Безусловно, реализованные, полностью проявившиеся в жизни, способности следует отличать от способностей потенциальных, достающихся нам по наследству. Истинный математический гений с высочайшими потенциальными способностями, родившийся в такой среде, где умеют считать только до ста, не изобретет математического анализа или теории чисел, не откроет даже геометрии или алгебры, хотя вполне может додуматься до способа выполнения простого умножения. Мой собственный взгляд на гения как раз и вытекает из принципа, заложенного в этом примере, — если его применить в более широком масштабе. Можно считать доказанным, что гениальные способности даются от рождения, но реализуются они или нет — зависит только от культурного окружения, в котором потенциальные гении оказываются уже после рождения.
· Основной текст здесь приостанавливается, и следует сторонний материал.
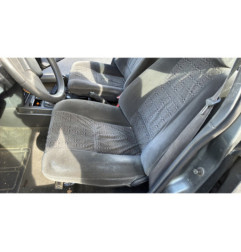 Vase d'expansion RENAULT R21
Я сделал некоторые подсчеты, согласно которым даже в условиях величайших цивилизаций в истории с их богатой и разнообразной культурной средой,— если взять эти цивилизации в целом, без разделения на периоды большей или меньшей продуктивности — по крайней мере, три четверти потенциальных гениев, а возможно, и девять десятых от их числа, так и не достигли того расцвета, благодаря которому могли бы добиться признания последующих поколений и стать настоящими гениями. Ну а если мы возьмем все человечество на всем протяжении его истории, включая те народы, которые жили не только в условиях цивилизаций — более или менее великих, но и в условиях полуцивилизаций, варварства и дикости, то доля состоявшихся гениев будет, безусловно, еще меньшей, — быть может, только 2 или 3%.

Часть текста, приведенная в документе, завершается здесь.